Niska woda na Bugu
Poziom wody w Bugu tak niski nie był od ponad 20 lat. Średnio dziennie woda opada o 1 cm. I na razie końca suszy nie widać. Do najniższego odnotowanego poziomu brakuje już tylko 11 centymetrów. Są miejsca, gdzie Bug można przejść pieszo.
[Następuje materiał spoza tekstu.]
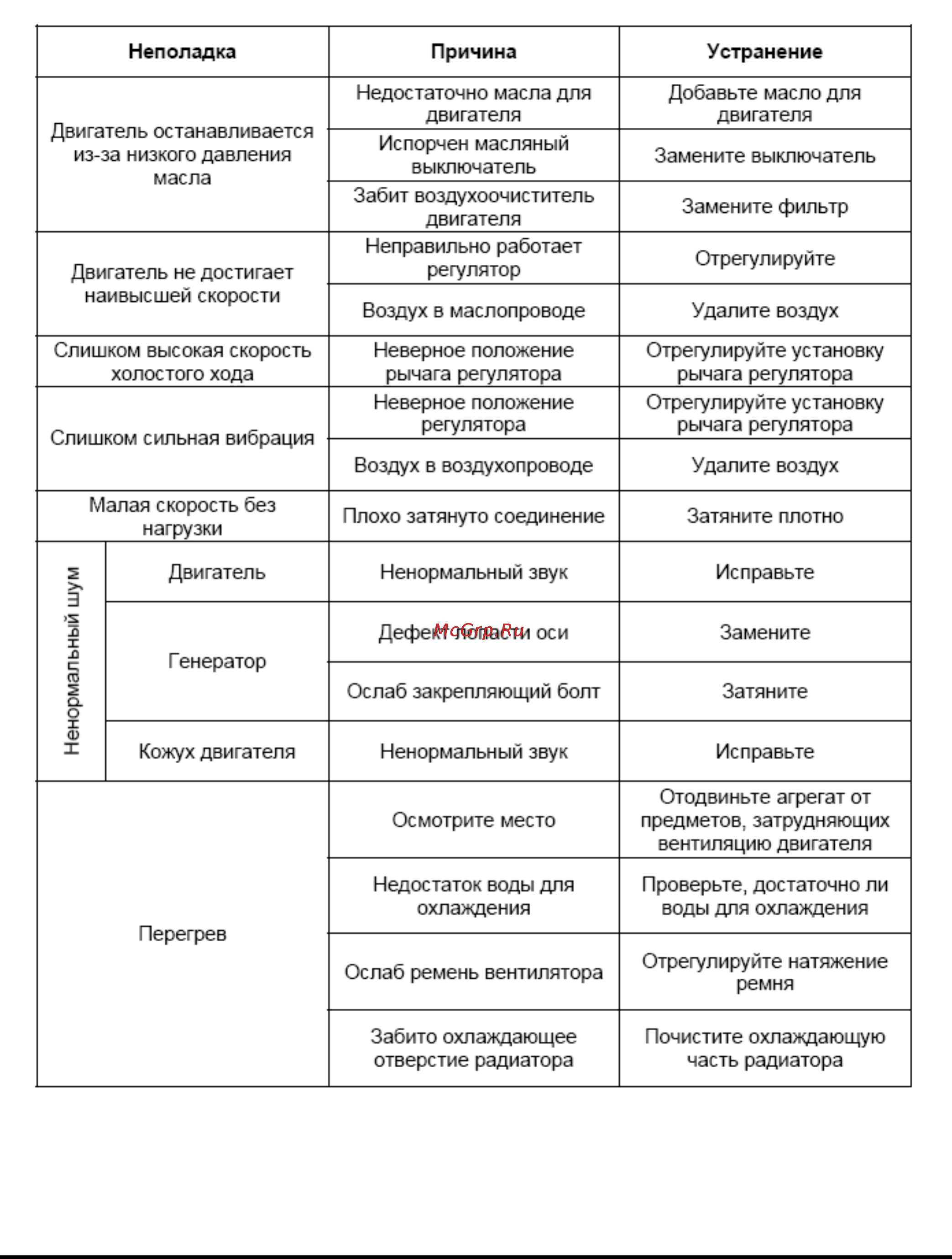 Kipor KDE12EA Инструкция по эксплуатации онлайн [19/24] 148111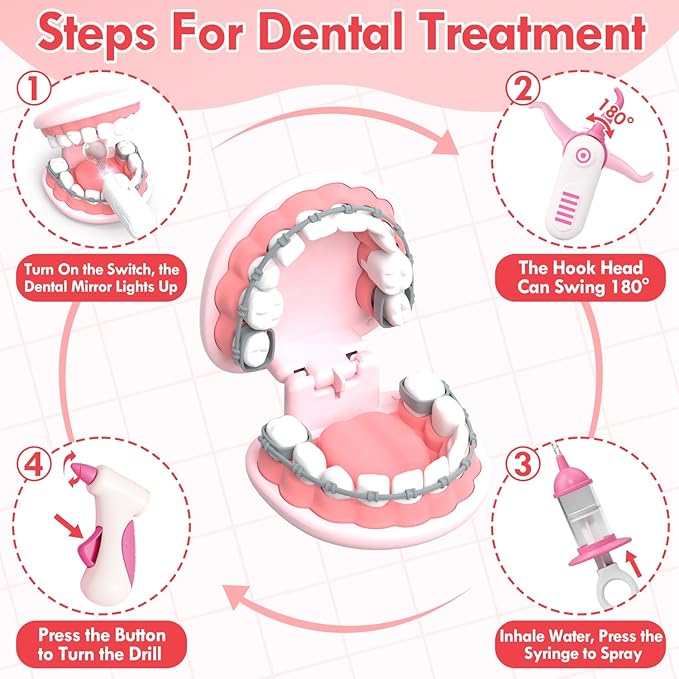 Lehoo Castle Doctor Kit for Toddlers 3-5 Girls, Kids Dentist Play Set, Toys for 3 4+ Year Old Girls, Pretend Play for Toddlers, Kids Doctor Playset, Medical Kits for Boys 3 4 5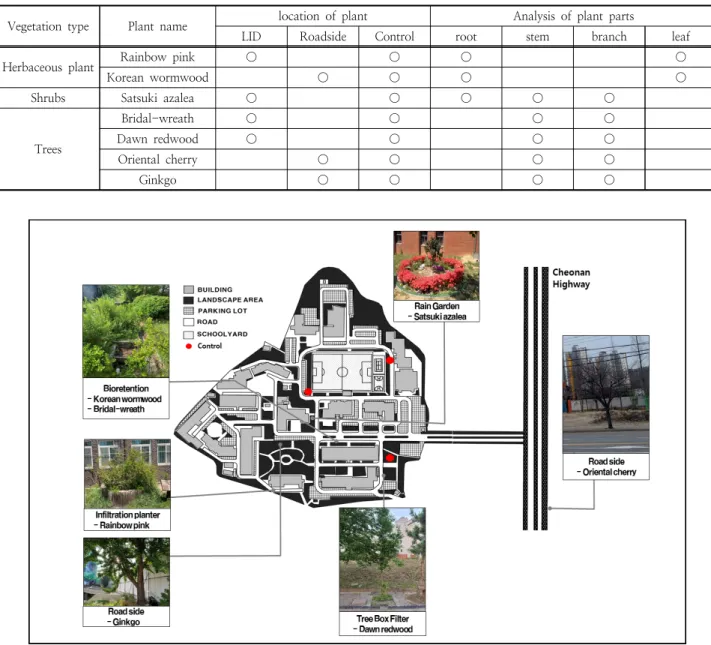 Table 1. Planting location and analysis of plant parts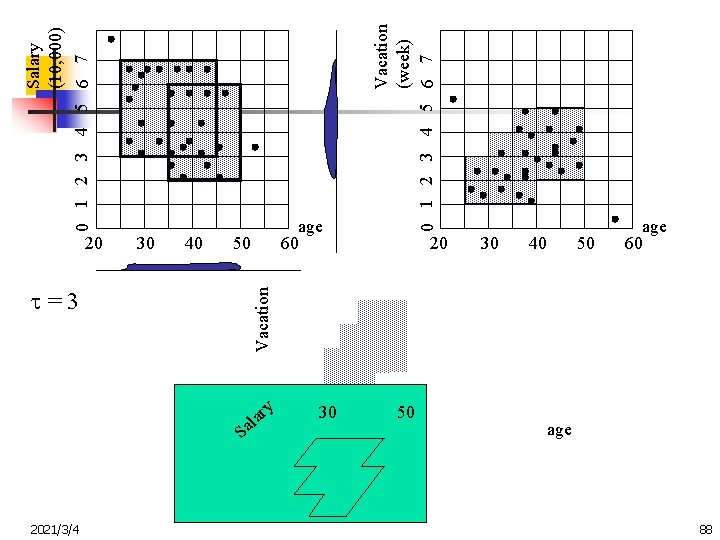 2021/3/4 30 40 =3 Vacation 20 50 S Salary (10, 000) 0 1 2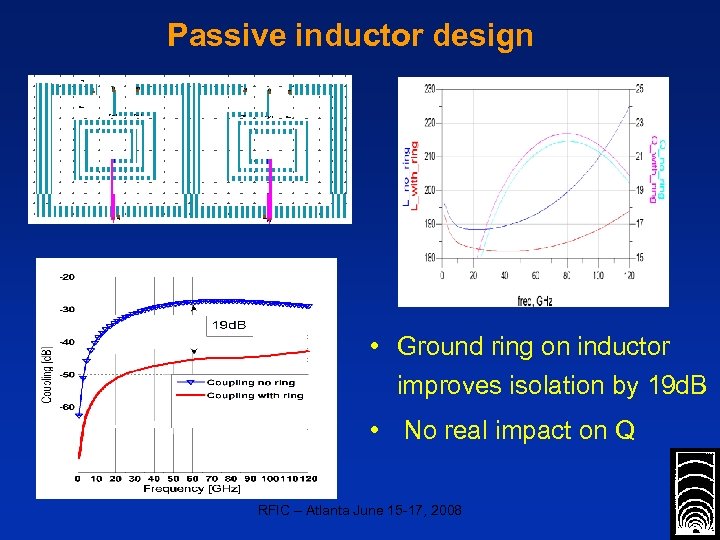Passive inductor design • Ground ring on inductor improves isolation by 19 d. B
Stan alarmowy na Bugu w Wyszkowie to 450 cm, stan ostrzegawczy – 400 cm. 10 czerwca poziom wody Bugu w Wyszkowie wynosił 260 cm, od tego czasu notowany jest ciągły spadek: 26 czerwca było 194 cm, 1 sierpnia – 162 cm, 14 sierpnia – 147 cm, 17 sierpnia – 145 cm. Przez sierpień średnio ubywa po centymetrze wody na dobę.
O stanie wody na Bugu rozmawiamy z inż. Serwacym Narowskim, kierownikiem Nadzoru Wodnego Wyszków.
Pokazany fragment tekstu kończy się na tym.